I think the inclusion criteria for species could be reformed in some way. Right now, leaf taxa are included if they have 100 or more observations (or roughly something along those lines). The rationale for this is that they don’t want to include taxa where there are few images and thus little training data, and I broadly agree, this seems reasonable to me. But the current criteria can occasionally lead to problems. Let’s look at Closterium for example:
Closterium is a genus of freshwater, single-celled algae. It’s common, but somewhat difficult to identify to species. To get a species-level ID, you usually need to get the length/width/curvature of the cell (not necessarily difficult to do, but most people don’t do this), and you often need a close-up view of the center/apex/cell walls. Often it also helps to look at multiple individuals with a population, to get a sense of variation between individuals. Of course, the other major problem is the difficulty of accessing literature, in particular the books are expensive and hard to find.
Which brings us to the issue of CV model: because of the number of observations, only two species (C. moniliferum and C. acerosum) are included in the model. These are probably two of the most common species, but if you find a Closterium on your microscope slide, there’s very good chance it won’t be one of those two species.

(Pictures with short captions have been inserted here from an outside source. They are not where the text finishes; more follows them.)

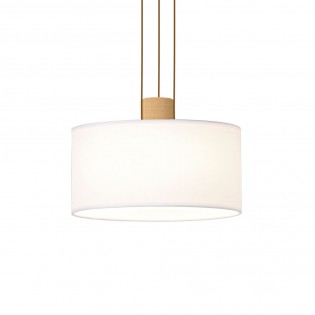 Lampe a suspensión Milano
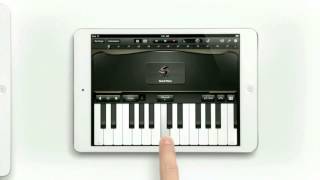 Do You Feel Empty Inside? Here. This’ll make you feel better. — Apple – iPad Mini – TV Ad – Piano
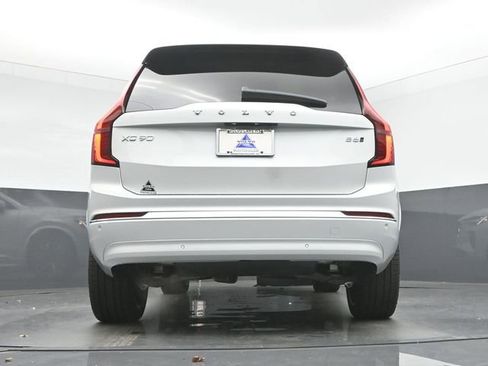 New 2026 Volvo XC90 B6 Ultra w/ Protection Package image 44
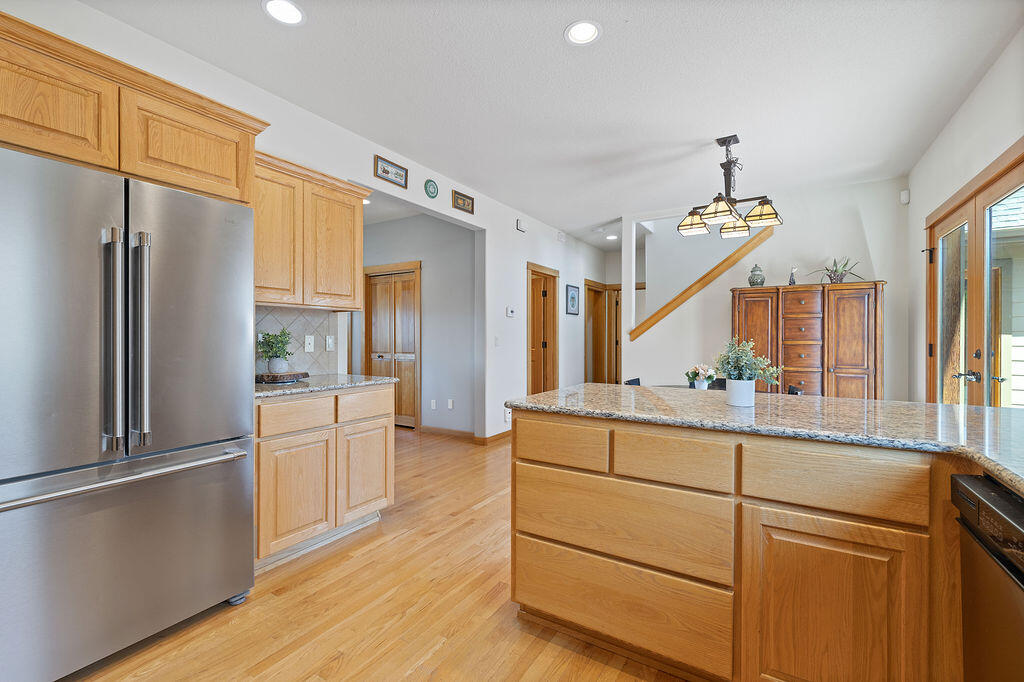 Crystal Springs - Residential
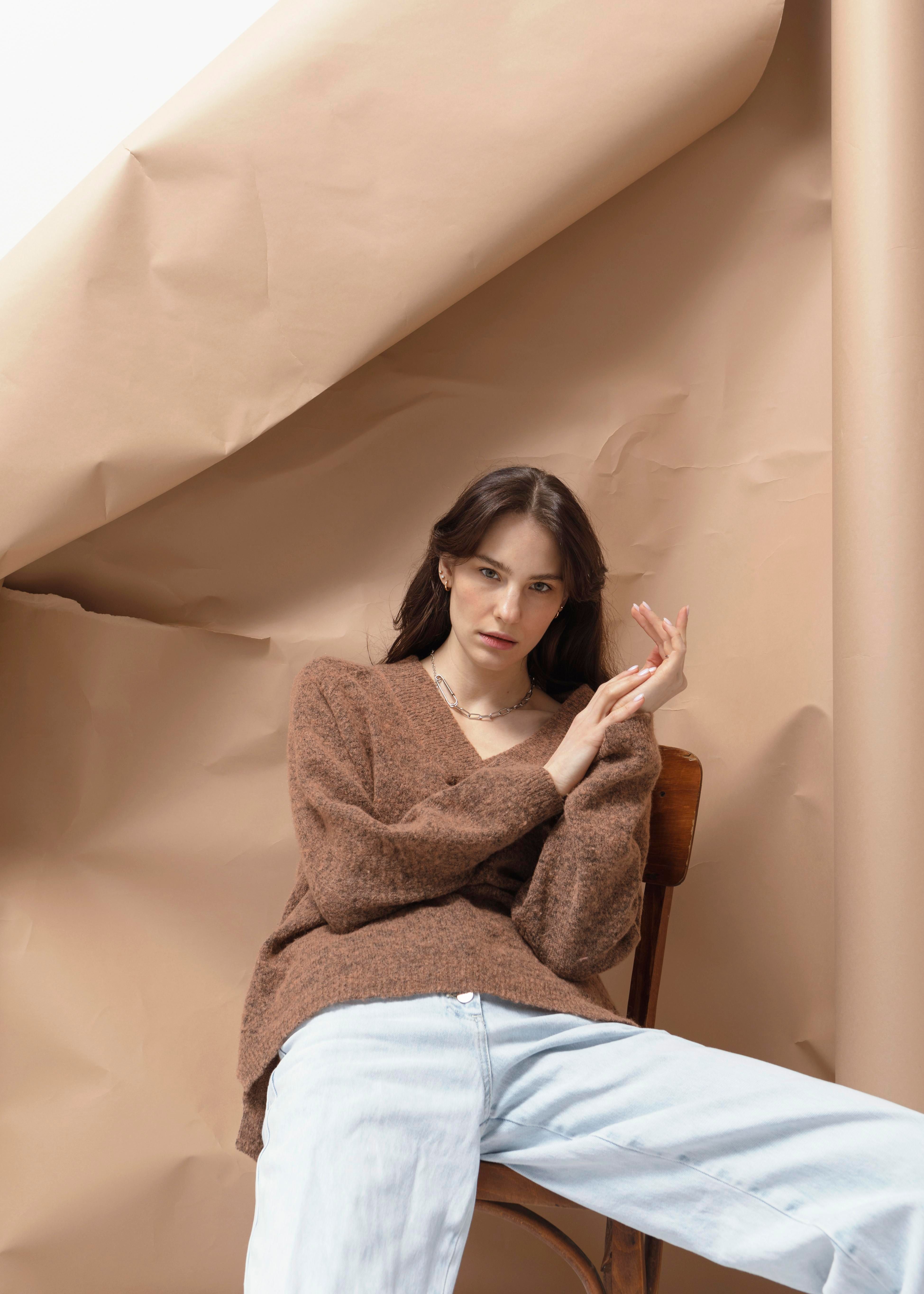 Fashion Aesthetic 2025: Define Your Style, Your Way
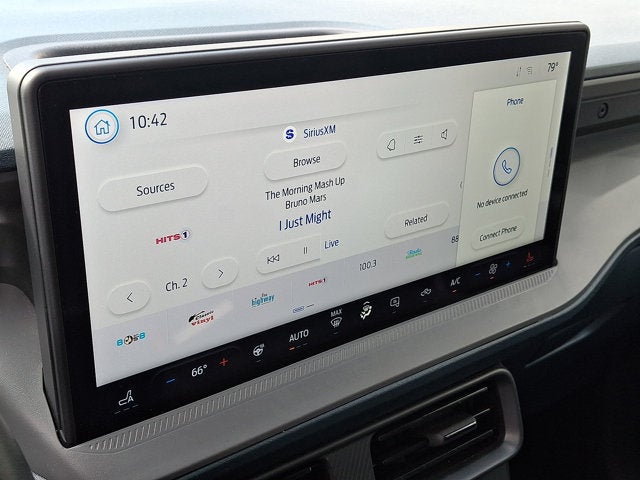 2025 Ford Maverick Base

Using observation counts as a rough example — there are 1473 (non-casual), species-level observations of Closterium and 665 (non-casual) observations of C. acerosum and *C. moniliferum. Assuming that this is a representative sample of Closterium, this means that ~55% of the time, CV will never pick the right option, and has no way to do so!
I think in this situation, it is probably a good situation to limit the CV so that it only includes Closterium. Sure, it will no longer suggest Closterium moniliferum or C. acerosum when there is bona fide C. moniliferum or C. acerosum there. But because these other species make up a large proportion of Closterium, I think limiting the CV in this case could actually lead to higher accuracy by limiting misidentifications.
In short, I think by using wider categories (be conservative and suggest genus only, rather than suggest one of a few species) could improve the AI. I don’t know how you would decide when to do this. You could look at the species or genus counts like I did with Closterium, or there could be some way to manually flag a taxon. Just throwing this idea out there.